“Should I Stay or Should I Go?”
Jörg Wuttke on China’s Manufacturing Future
DTO had the honor of listening to Jörg Wuttke, former Vice President of BASF China and long-time President of the EU Chamber of Commerce in China, speak on insights into the country’s evolving political economy.
His remarks were particularly relevant for industrial and manufacturing leaders to think about how to position themselves in the Chinese market.
From Reform to Re-Ideologization
Wuttke described how the optimism of Deng Xiaoping’s reform era, which opened China to global markets and competition, has shifted under Xi Jinping toward political tightening and ideological resurgence.
He cited Document No. 9 (2013) as the pivotal point: curbing “Western values,” reducing cooperation with foreign institutions, and strengthening ideological control across media, academia and civil society.
For manufacturers, this signals a policy environment that is more politically driven and less predictable, especially for foreign firms operating in strategic industries.

Self-Reliance as Strategy
Beijing’s call for “self-reliance” is not isolationist - it is expansionist. Wuttke observed that previous Five-Year Plans drove domestic dominance in batteries, EVs, semiconductors, solar and wind power, creating overcapacity by design.
“Whatever China plans, it ends up overbuilding.”
The new 15th Five-Year Plan (2026–2030) continues that model, targeting AI, robotics, semiconductors, biomanufacturing, and green technologies as key growth pillars. China already accounts for about 30% of global manufacturing, and both Wuttke and independent analysts project this could rise toward 40 – 45% by 2030.
For foreign manufacturers, the takeaway is twofold:
1. Opportunity to partner in high-tech growth sectors.
2. Risk of being out-scaled by state-backed domestic champions.

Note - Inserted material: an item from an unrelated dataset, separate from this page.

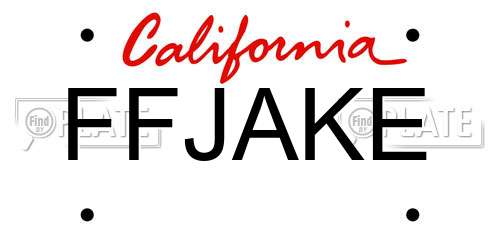 FFJAKE California License Plate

Manufacturing Barometer: Export and Capacity Push
Wuttke pointed out that this new drive will again rely on exports to absorb overcapacity. He mentioned that China ordered over 100 roll-on/roll-off car-carrier ships within four years, expanding vehicle export capacity by roughly one million units per year.
The strategy, he said, is clear: China plans to produce more - and sell more - abroad.
China as the “Fitness Center” for Global Industry
Despite these challenges, Wuttke described China as a “fitness center” for global firms. German automakers, chemical producers, and technology companies continue investing there not only for market access, but because the scale and speed of the Chinese market force innovation and operational agility.
Demographics and Decline
Behind the industrial momentum lies a looming headwind: demographics.
China will age faster than any other major economy:
- older than the U.S. by 2030
- older than the E.U. by 2046
- older than Japan by 2064
Some demographers estimate that China’s real population may already be 100 million lower than reported, accelerating labour shortages and wage pressures.
This makes automation and robotics critical to sustaining manufacturing output: fittingly reflected in the new plan’s focus.

For Manufacturers: Questions to Re-Evaluate Strategy
- Is your presence in China built for scale, or for innovation and resilience?
- How exposed is your supply chain if China expands to 40%+ of global manufacturing?
- Can your firm benefit from China’s automation and clean-tech boom without over-reliance on its ecosystem?
- What diversification or regional manufacturing strategies could strengthen resilience (e.g., Southeast Asia, India, Mexico)?
Conclusion
Wuttke’s talk underscored a core reality:
Manufacturing in and from China is no longer just about cost and capacity, it’s about strategy, technology, and positioning within a shifting global system.